Y así, a pesar de que no me había registrado en una especialización que me relacionara con la matemática, meses más tarde habría de comprobar que los números, las ecuaciones y las figuras no eran realmente indispensables para iniciarse en ese mundo que hasta entonces me había parecido tan misterioso y esquivo, el mismo que más tarde se me tornaría en indispensable y fascinante. En eso pensé por un par de ocasiones por lo menos, cuando, de pronto, la física o la geometría se hicieron presentes en mis estudios, aunque en forma tenue y muy sutil. Habría de escuchar las leyes de Newton, por ejemplo, y especialmente aquella que hablaba de la acción y su igual y opuesta reacción. Y aunque también aparecieron términos como diedro o cantiléver, los mismos me hicieron persuadir, que de las especialidades que pude haber escogido, cualquiera pudo haber aportado bases suficientes para apuntalar el inicio en mi ya definitiva profesión.

Hablemos del ángulo diedro, por ejemplo. El diccionario dice que es masculino y que significa, en geometría, “cada una de las dos porciones del especio limitadas por dos semiplanos que parten de una misma recta”. En la escuela de aviación aprendí el concepto de una forma más simple: si las alas del avión salían del fuselaje y se inclinaban hacia arriba, quería decir que tenían un diseño en ángulo diedro (positivo); si se inclinaban hacia abajo, el diseño era en anti-diedro o, si se prefiere, de ángulo diedro negativo. Fueron aviones con diedro positivo, casi  todos los primeros aviones que yo conocí; y habrían de pasar algunos años hasta que empecé a reconocer una serie de turbo-reactores, con dos o cuatro motores, identificados por esa característica, la de tener sus alas con diseño en anti-diedro, con el propósito de “evitar una excesiva estabilidad espiral”. El B-52, un bombardero conocido como “la Fortaleza Volante” era un clásico ejemplo del diedro negativo.

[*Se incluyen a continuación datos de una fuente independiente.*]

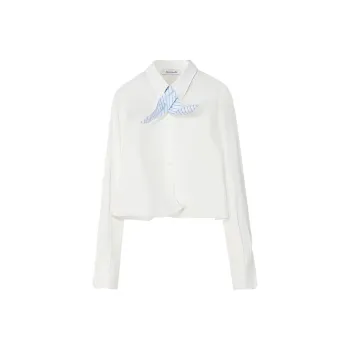 NancyCavally Shirts Women's White Shirt With Blue Stripes+Bow Tie One Size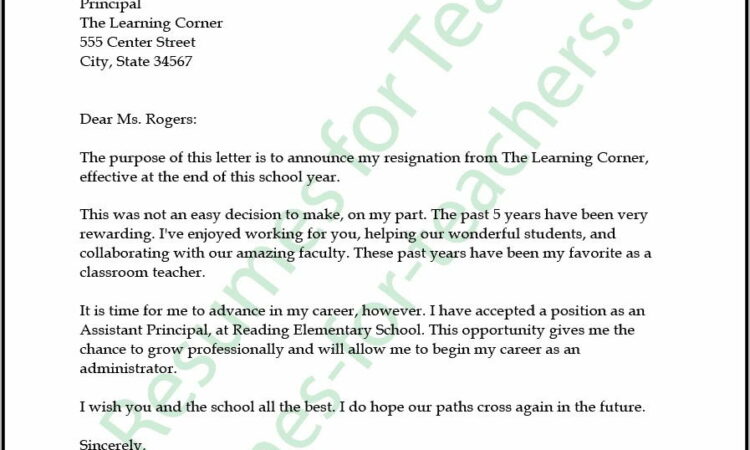 Writing Resignation Letter Sample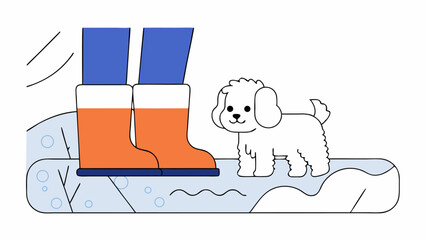 Person in Winter Boots with Small Dog on Icy Ground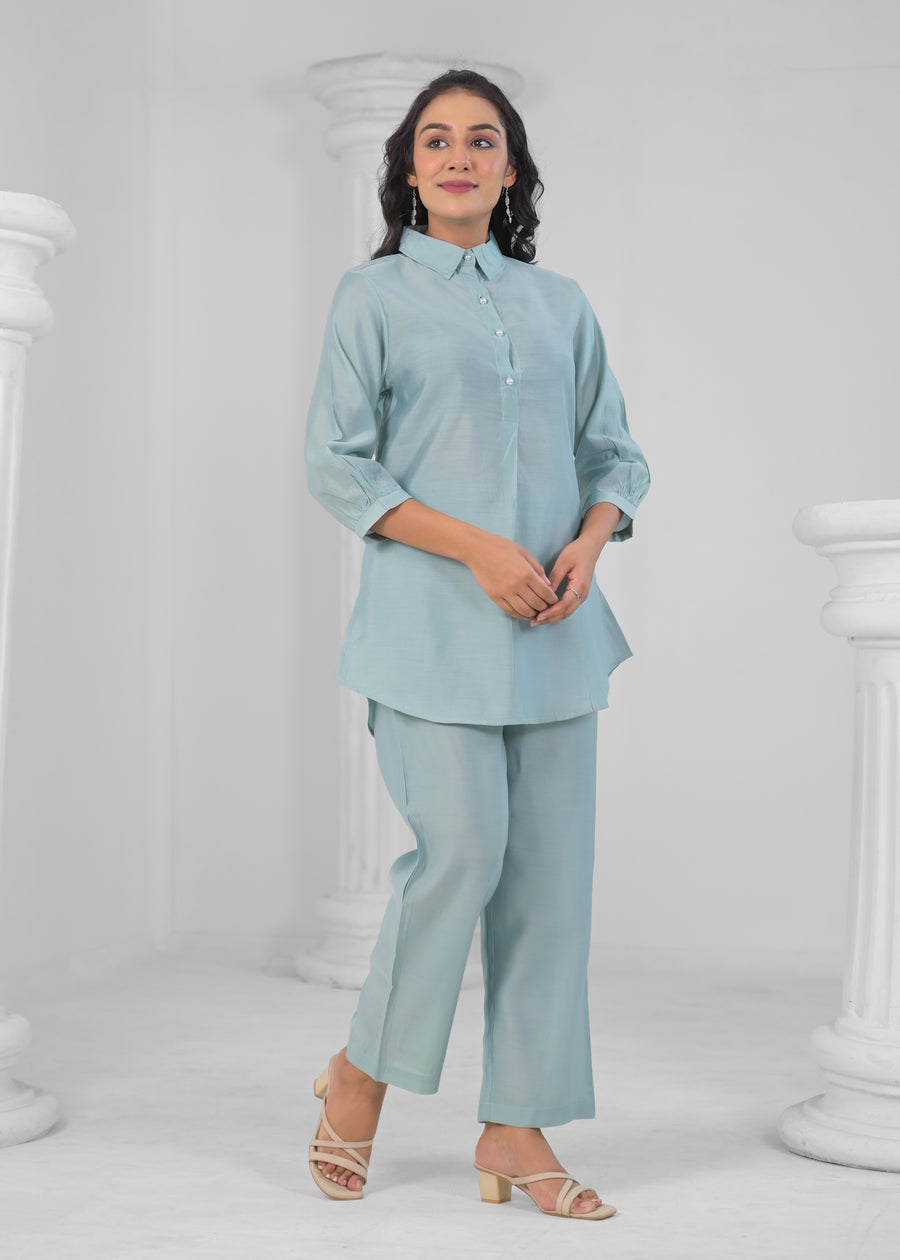 BLUE SOLID PARTY WEAR CORD SET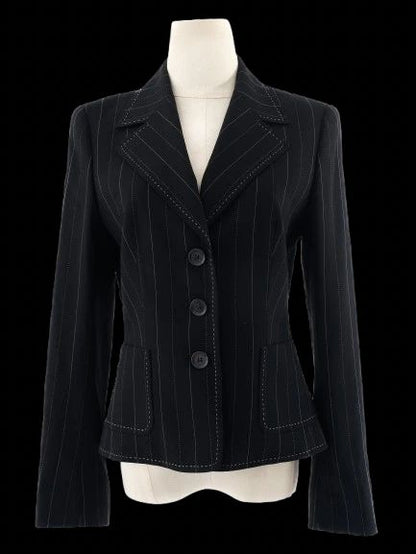 Excellent Escada Black Wool Pinstripe Blazer Size S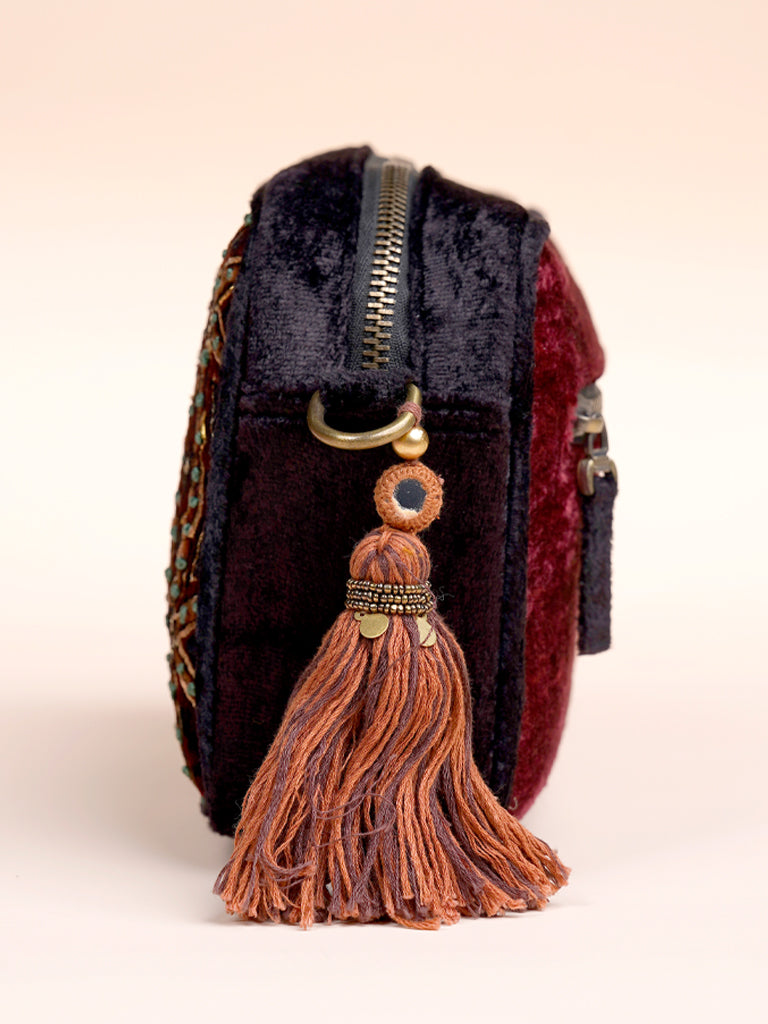 Ajrakh Zardosi Sling Bag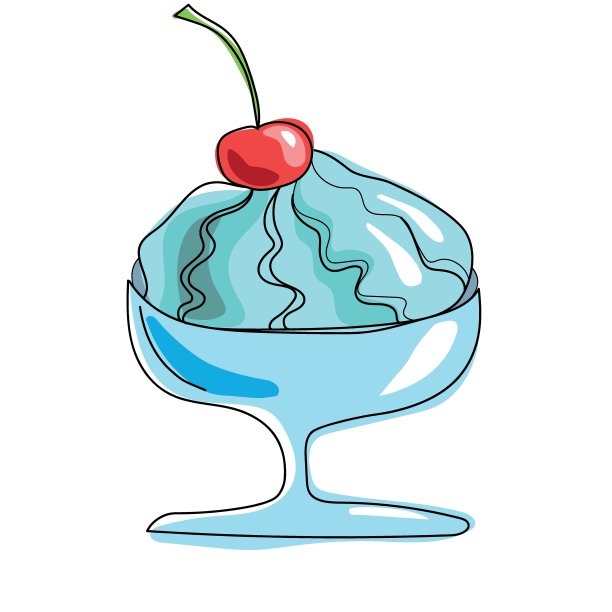 玻璃碗里的樱桃冰淇淋。矢量图图片下载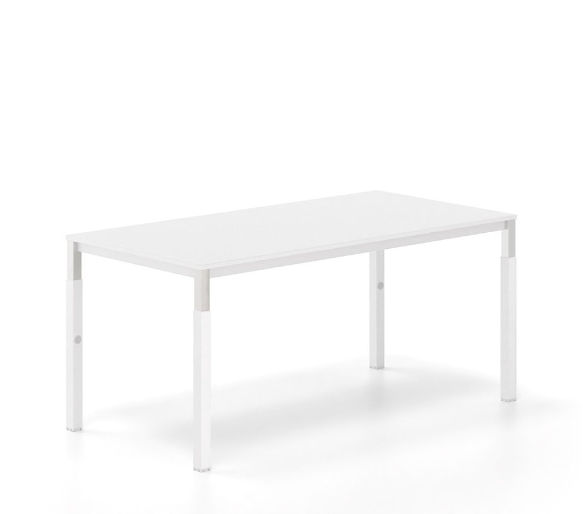 Γραφείο εργασίας ρυθμιζόμενου ύψους Dromeas σειράς Tetra διάστασης 160Χ80Χ65-85Η με σκελετό σε απόxρωση υπόλευκο και επιφάνεια σε απόχρωση υπόλευκο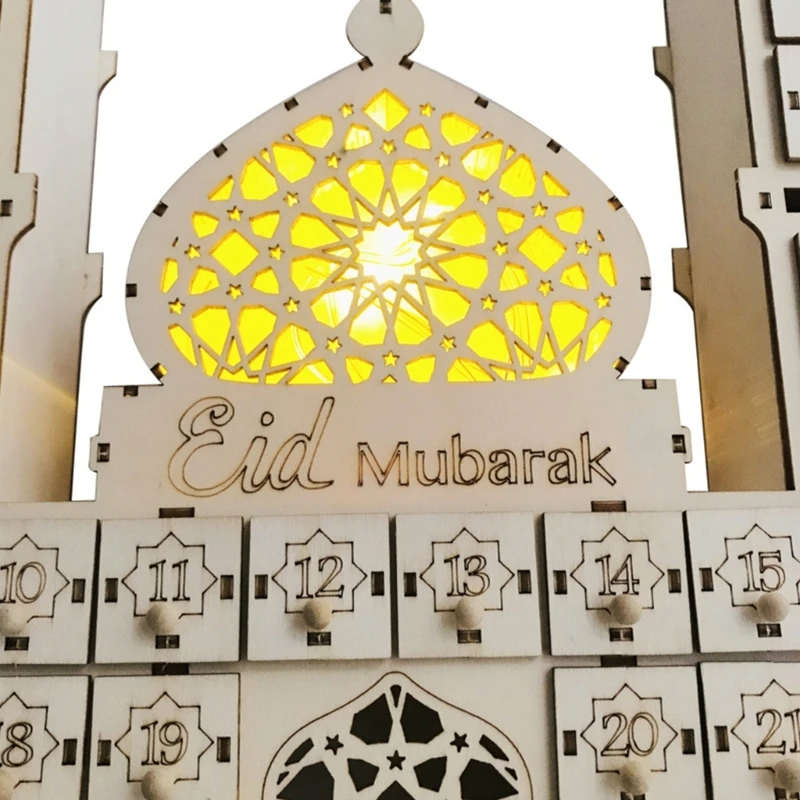생일 축제 휴일 파티 장식을위한 Led 라이트 데스크탑 장식 장식으로 Eid Mubarak 카운트 다운 달력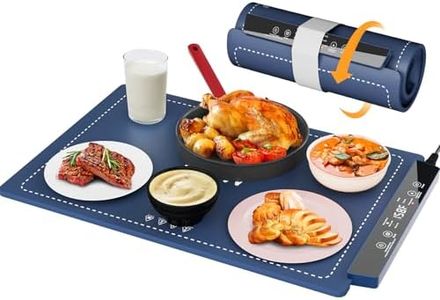 Scaldavivande elettrico in silicone – scaldavivande portatile per feste con 8 impostazioni di temperatura regolabili, touchscreen intelligente, prenotazione e blocco bambini, tappetino riscaldante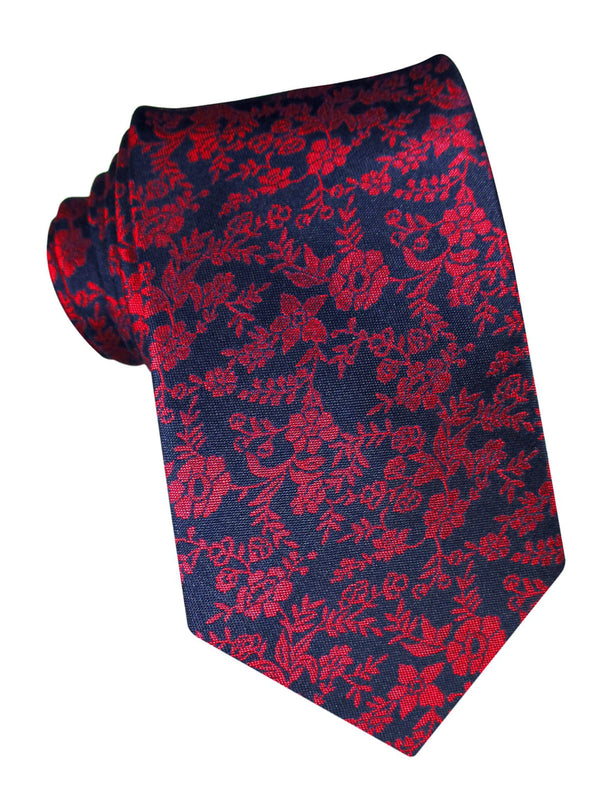 corbata seda azul marino flores rojas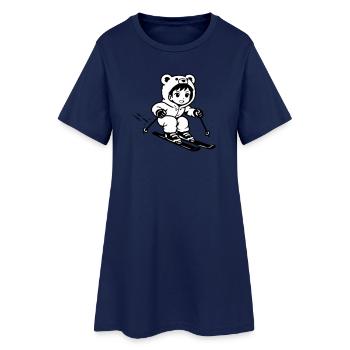Ski Bärchen im Anime Style - Frauen T-Shirt-Kleid - Light Navy - Vorne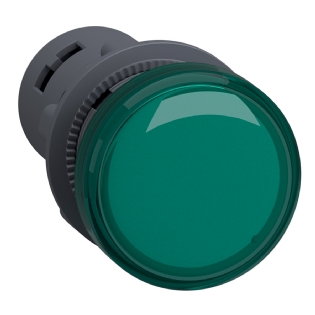 Sinaleiro Monobloco Iluminado Redondo 22mm 220V Plástico Led Verde Ip65 XA2EVM3LC - Schneider Electric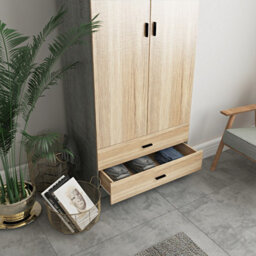 Urbnliving 180Cm Tall Wooden 2 Door Wardrobe Ash Grey Carcass And Oak Drawers With 2 Drawers Bedroom Storage Hanging Bar Clothes - thumbnail 5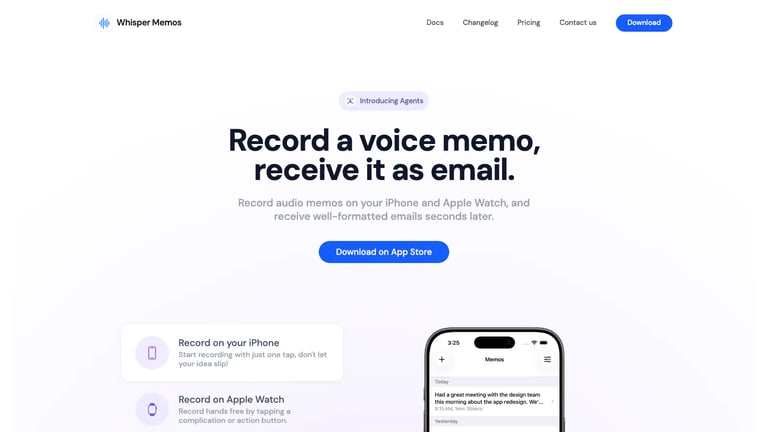 Whisper Memos website homepage screenshot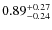 $ 0.89 _{\rm - 0.24 }^{+ 0.27 } $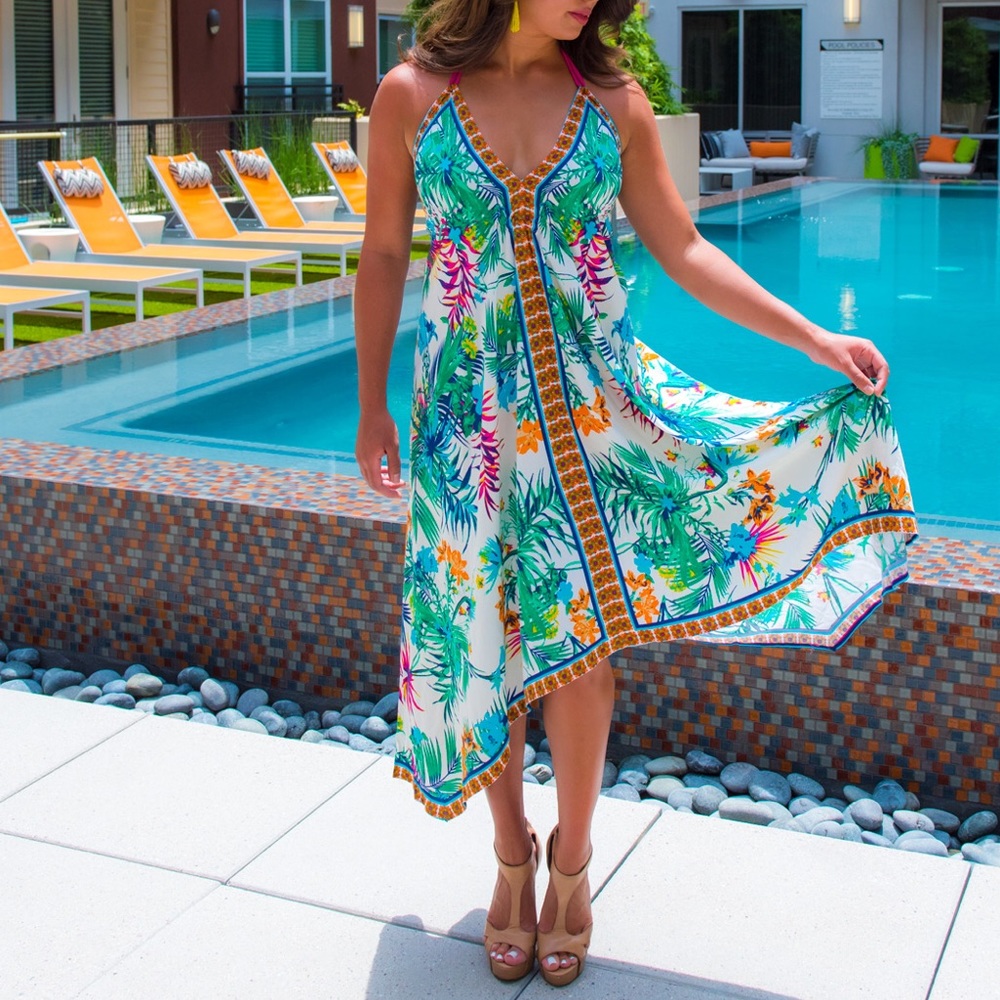 NWT- Flying Tomato Tropical halter dress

Los rusos, que por un tiempo diseñaban y construían en colaboración algunos de sus aviones en una fábrica ubicada en Ucrania (Antonov), fueron haciendo continuas modificaciones a un tipo de avión STOL que desde sus inicios tuvo un desempeño muy interesante. Asi nacería el An-148 (nótese la similitud con el cuadri-reactor británico BAe 146, incluso en el nombre); el 148 fue un desarrollo del Antonov An-74 (llamado así, probablemente, porque 148 es igual a dos veces 74), este era, a su vez, una variante de otro jet similar de características STOL, el An-72. Todos estos aviones, mencionados en este párrafo, tienen una característica común: la de tener un ala anclada en la parte superior del fuselaje e inclinada hacia abajo, con diedro negativo.

Hace un año el An-148 estuvo en los titulares de prensa por equivocados motivos (es el mismo modelo que se estrelló cerca de Medellín, con el equipo del Chapecoense); y hace pocos días estuvo involucrado en un nuevo accidente en Rusia. Era una aeronave de la aerolínea Saratov. En efecto, este último avión acaba de estrellarse en las cercanías de Moscú, luego del despegue, debido probablemente a acumulación de hielo en los sensores del sistema estático (tubo “pitot”). Este accidente, aunque producido a baja altura, tiene enorme parecido con el sucedido hace pocos años, en ruta desde Río de Janeiro a París, un Airbus A-330 de la compañía Air France, que se precipitó a tierra sobre el Atlántico (en las cercanías de las islas de Fernando de Noroña) cuando sus pilotos no pudieron controlar el avión con uno (¿o, dos?) de sus indicadores de velocidad en condición no confiable y, probablemente desestimaron la indicación del instrumento auxiliar.

Es sumamente triste, y desde luego inconcebible e insólito, que esta trágica situación siga ocurriendo en la aviación comercial moderna, debido principalmente a tres factores: la falta de experiencia en vuelo manual por parte de muchos aviadores jóvenes; la escasa comprensión de algunos profesionales aéreos de la “arquitectura” del diseño de algunos componentes modernos (el “fly by-wire” o los modos de protección contra el stall, por ejemplo); y, ante todo, la ausencia de métodos adecuados de entrenamiento para solventar en vuelo estas confusas, pero manejables, indicaciones contradictorias en los instrumentos básicos. Si en algo podemos coincidir es precisamente en ello: la falla de un solo instrumento no debería sino producir una momentánea confusión, pero nunca terminar en la dolorosa tragedia que significa un nuevo accidente.